EDITOR’S NOTE: The first part of this originally ran in Drive-In Asylum.
When American International Pictures started hyping The Incredible Melting Man, they went all out. And by all out, I mean they gave in to the sinister urge to varnish the truth. A poster for the film had this statement on it: “Rick Baker, the new master of special effects, who brought you the magic of The Exorcist and gave you the wonder of King Kong, now brings you his greatest creation, The Incredible Melting Man.”
The poster upset William Friedkin so much he tore it off someone’s wall. Sure, Baker had assisted Dick Smith on The Exorcist, but he admitted, “I really didn’t do anything creative, I just did labor” in a public apology for a publicity campaign that he had nothing to do with.
That said — Baker’s effects for the film are perfectly goopy, gory and great. He created a skull-shaped flesh-painted helmet that Alex Rebar would don, then Baker would cover him with more paint and Dick Smith’s recipe for blood — methyl paraben, corn syrup, water and powdered red and yellow food coloring (and a few ounces of Photo-Flo), ending up with such a mess that Rebar would need to peel the costume off at the end of each shooting day.
I knew none of this as I grew up in Western Pennsylvania. One day in 1977, I was simply looking at Halloween costumes in a Revco drug store at the Shenango Valley Mall. As I gazed at the various Imagineering makeup kits — like THE FACE made with FLEX-O-SKIN — I came upon a sight that would possess my every waking moment for the next several months.
The Incredible Melting Man makeup kit.
I stood, mouth agape and frozen in fear, like how the characters in an H.P. Lovecraft story act when their mind is decimated by an elder god (or how a librarian in a Fulci movie simply sits and waits for a spider to eat his face).
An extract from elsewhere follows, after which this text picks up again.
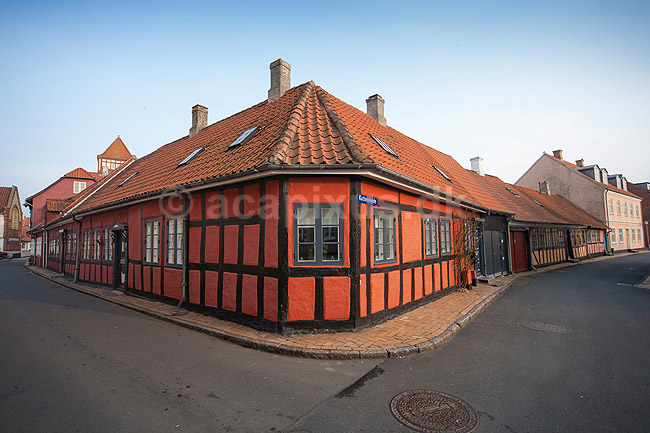 Kerteminde. Bindingsv�rkshuse p� hj�rnet af Kattestr�de og Pr�stestr�de i Kerteminde p� Fyn; ; Kerteminde; Danmark; ; ;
Then I started screaming and ran from the store. I paced outside, waiting for my parents and brother to emerge (back in the 70’s, parents would simply sit their kids in front of the toy department or magazine rack while they shopped, because we didn’t know about abductions yet). The entire ride home, I kept replaying the image of that face melting away, convinced that because I had touched the box that my own visage would soon fall apart and I’d die, a mess in the back of my parent’s stationwagon.
I had no idea that The Incredible Melting Man was a movie. All I knew was that I lived in mortal terror and my nightmare would never end.
When I finally saw the movie, I discovered that maybe I was afraid for no reason.
Directed and written by William Sachs, this was intended to be a parody of horror films but ended up being a straight scare movie and suffered as a result. It’s still a blast and Baker’s effects are pretty great.
Poor Colonel Steve West (Rebar). His mission to Saturn ended with both his fellow astronauts dead and his face and hands melted off. He spends most of the movie randomly showing up and killing couples, as well as getting his arm chopped off by an axe before suffering that most bleak of all movie big bad deaths: he’s mopped up by a janitor the next morning.
The horrifying visuals that haunted my childhood dreams aren’t nearly as frightening as I thought they would be. Years of not watching this was just wasting my time. I’m goign to mentally send young Sam a message and tell him to get that makeup kit.
Rainbeaux Smith shows up as a model and that’s usually all it takes for me to watch a movie.